1 Reply Latest reply on Aug 28, 2018 10:43 AM by Joshua Milligan

    Tableau Prep Custom Split Limit

    Amelia Shank

      There is a column in my data that I need to split and pivot. The column represents evaluation results and there are rows that reach up to 20 different results, with each result split by a semicolon. I am running into an issue with the Split capabilities of Tableau Prep with the amount of fields the split creates. I have tried both the Automatic and Custom split and had more success with the Custom split.

       

      When I have done the Automatic Split on the column, the data is split into only two separate columns, with the rest of the data (after the second semi colon) completely truncated. Using the custom split, I specified a semicolon as the delimiter and and chose to split of "All" fields.

       

      The result of the custom split is only 10 different columns, when I know there should be 20. The data after the 10th semicolon is completely lost.

       

      I've been working around this by doing the step manually in Excel prior to loading into Prep, but was wondering if there is a way around this or if this is just a limitation of Tableau Prep right now.

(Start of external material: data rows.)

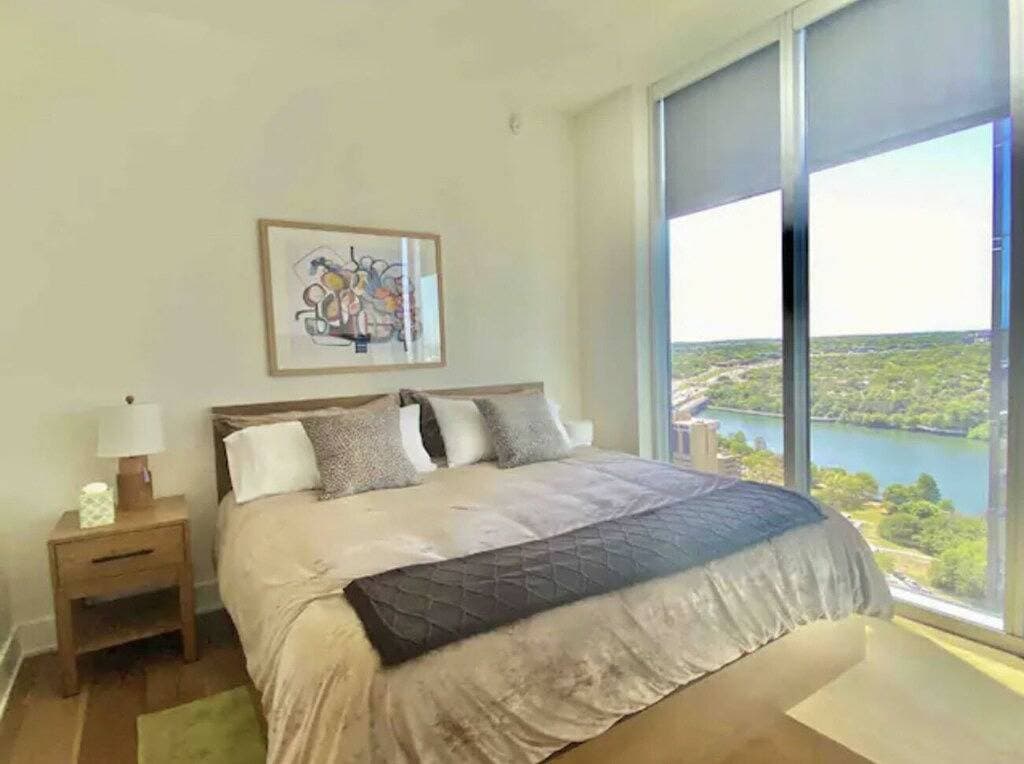 Foto 7 von 34: Luxury Condo w/ Lake View -Walk to Rainey & Lake, Pool, Gym, King Bed, Nespresso
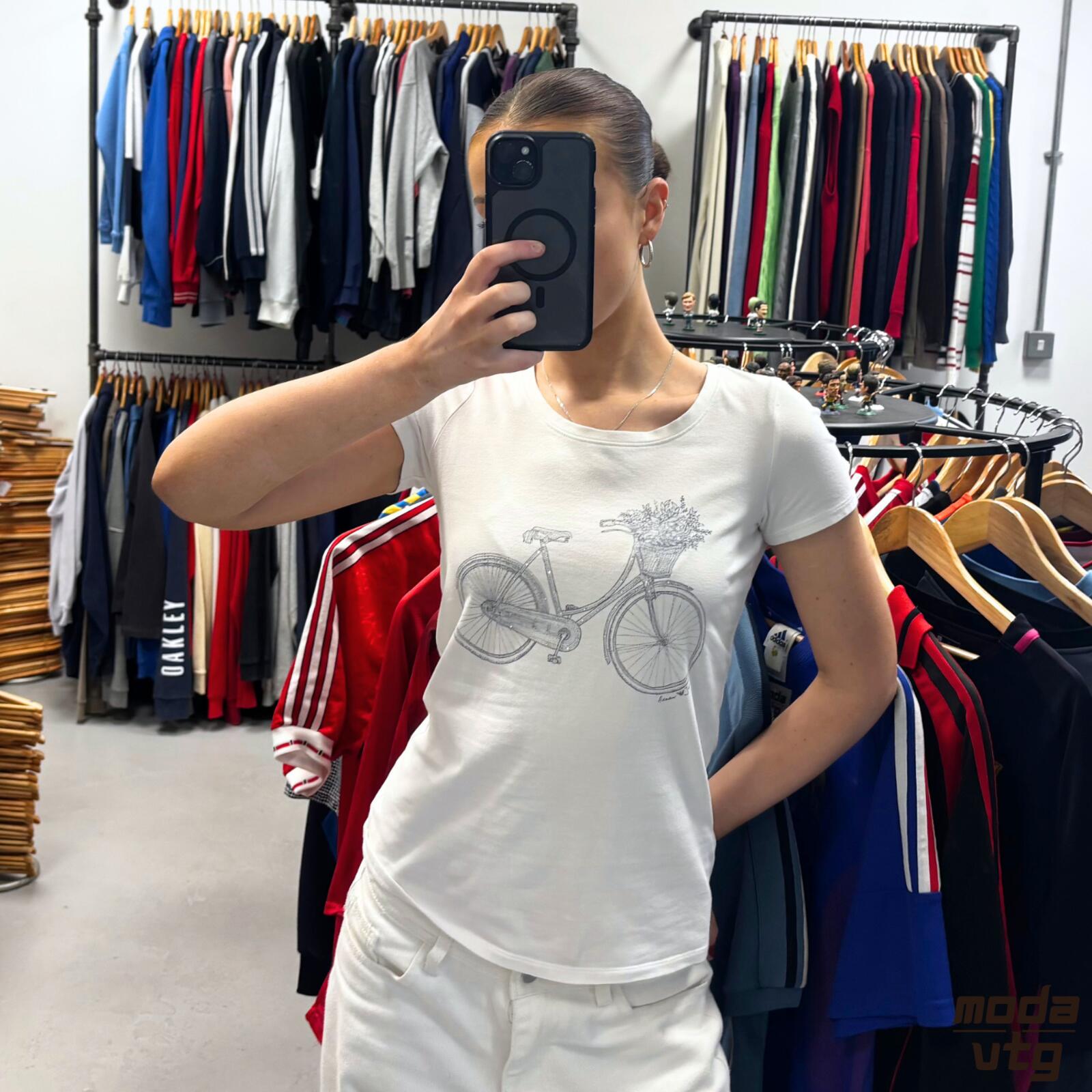 Vintage Y2K Armani Jeans T-Shirt White Women’s Small Retro Summer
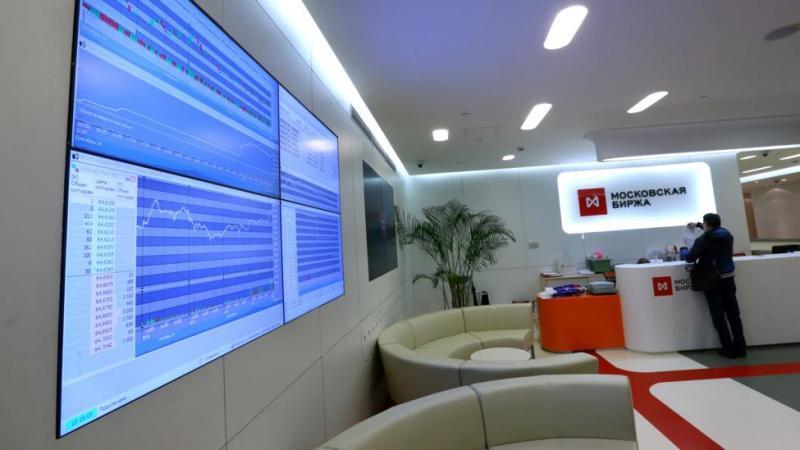 Российский рынок акций в начале основной торговой сессии снижается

        • 1. Re: Tableau Prep Custom Split Limit
          Joshua Milligan

          Ameila,

           

          It does appear to be a current limitation of Tableau Prep.  I do hope to see it addressed in future releases.  Please vote here to lend your support to removing the restriction: https://community.tableau.com/ideas/9033

           

          There might be a possible workaround with the REGEXP_EXTRACT_NTH() function to find the 10th instance of the semicolon along (and surrounding characters) and replacing that with something that can then be used to split out the field into two fields of less than 10 semicolons each that could then be individually split without exceeding the limit - but what a mess and I'm not entirely certain it would work without really working through all the steps.  Maybe better would be to split by length of the field.